If you forgot to pull your anchor up when you motored off, and it accidentally snagged a hoop net or 3,, Well, stuff happens. The Mighty O can be tough on expensive equipment.


----------



## dropthetailgate (Apr 6, 2012)

Got around ten last night. No monsters but One about 15 one about 20.


----------



## FISHIN 2 (Jun 22, 2005)

Just letting ya know, the perch are bitin..


----------



## dropthetailgate (Apr 6, 2012)

FISHIN 2 said:


> Just letting ya know, the perch are bitin..

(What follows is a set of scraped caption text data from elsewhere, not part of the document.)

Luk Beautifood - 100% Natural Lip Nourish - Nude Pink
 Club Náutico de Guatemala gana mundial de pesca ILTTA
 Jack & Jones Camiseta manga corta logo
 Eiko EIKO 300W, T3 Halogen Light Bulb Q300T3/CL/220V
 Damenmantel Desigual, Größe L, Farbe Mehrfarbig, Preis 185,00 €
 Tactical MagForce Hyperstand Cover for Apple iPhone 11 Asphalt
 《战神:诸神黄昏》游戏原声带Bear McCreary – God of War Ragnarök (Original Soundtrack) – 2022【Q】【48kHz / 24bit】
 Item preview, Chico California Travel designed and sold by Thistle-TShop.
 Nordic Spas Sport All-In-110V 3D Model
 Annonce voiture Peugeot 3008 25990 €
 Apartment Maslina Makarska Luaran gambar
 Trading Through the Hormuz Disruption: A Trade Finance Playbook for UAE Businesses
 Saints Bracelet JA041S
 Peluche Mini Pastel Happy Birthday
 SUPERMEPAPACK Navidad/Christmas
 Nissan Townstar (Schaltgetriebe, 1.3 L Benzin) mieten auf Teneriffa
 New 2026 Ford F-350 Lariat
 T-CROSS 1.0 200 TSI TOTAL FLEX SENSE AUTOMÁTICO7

I know thanks. Have made 10 walleye trips and 23 limits. There’s still just something special about floating the river you can’t explain.


----------



## FISHIN 2 (Jun 22, 2005)

That would be cool, never done it. Hear they get some monsters though. Good Fishin..


----------



## livtofsh (May 13, 2004)

Anyone cat any large blues in the las couple yrs


----------



## pawcat (Oct 24, 2011)

livtofsh said:


> Anyone cat any large blues in the las couple yrs


 oh yes.........shhhhh.


----------



## fishdealer04 (Aug 27, 2006)

I was out last Thursday for about 4 hours near Cincinnati. Managed 18 fish (2 channels and 16 blues) No size to them though. Biggest two were a 15 pounder and a 10 pounder. Rest were in the 4-6 pound range.


----------



## cali2ohio01 (Mar 11, 2018)

dropthetailgate said:


> I know thanks. Have made 10 walleye trips and 23 limits. There’s still just something special about floating the river you can’t explain.


I agree.... Floating the river is the best feeling, nothing better!!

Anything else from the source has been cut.